Le deuxième scénario est que les politiques de lutte contre le changement climatique, telles qu’une taxe sur le carbone et des mesures visant à indemniser les ménages les plus pauvres pour les coûts énergétiques plus élevés, s’avèrent augmenter les pressions inflationnistes – comme le suggèrent des études récentes – a-t-elle déclaré.

Philip Lane, le directeur général de la BCE, semble en désaccord. Il a déclaré vendredi au diffuseur irlandais RTE que si la hausse des prix de l’énergie était « une préoccupation majeure », il y avait « moins de hausse cette année » et il était convaincu que « l’offre changera, les pressions devraient s’atténuer dans l’ensemble cette année ».

Comme la plupart des banques centrales, la BCE a été surprise par la persistance des pressions à la hausse sur les prix. Le mois dernier, il a fortement relevé ses prévisions d’inflation pour la zone euro pour cette année à 3,2 pour cent, tout en prédisant qu’il reviendrait en dessous de son objectif de 2 pour cent l’année prochaine.
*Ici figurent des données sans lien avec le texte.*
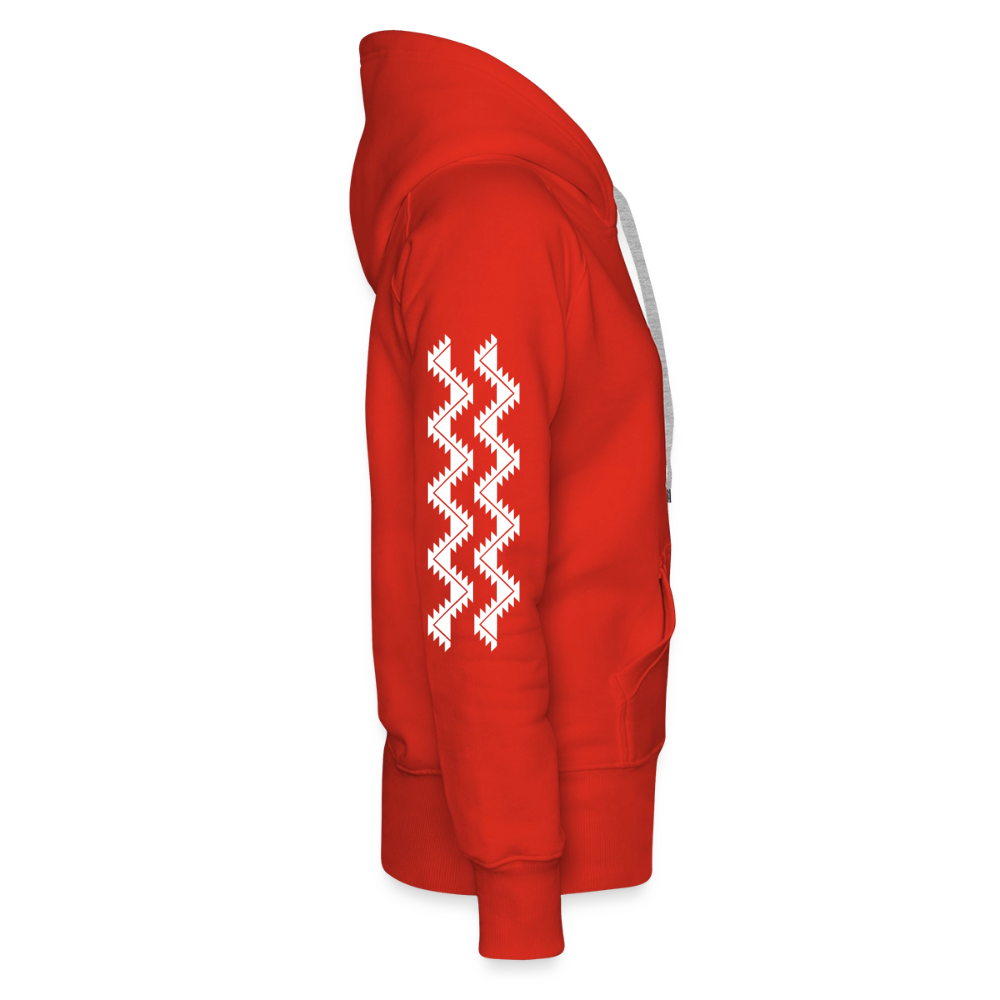Straight Outta Sregon Women’s Premium Hoodie - red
Mais Schnabel a déclaré que cette hypothèse était « dérivée de courbes à terme » montrant que les prix de l’énergie ne contribueraient pas à l’inflation globale au cours des deux prochaines années, ajoutant que « ces estimations pourraient être prudentes ». Si les prix du pétrole restaient aux niveaux de novembre 2021, elle a déclaré qu’il suffirait à la BCE d’atteindre son objectif d’inflation en 2024.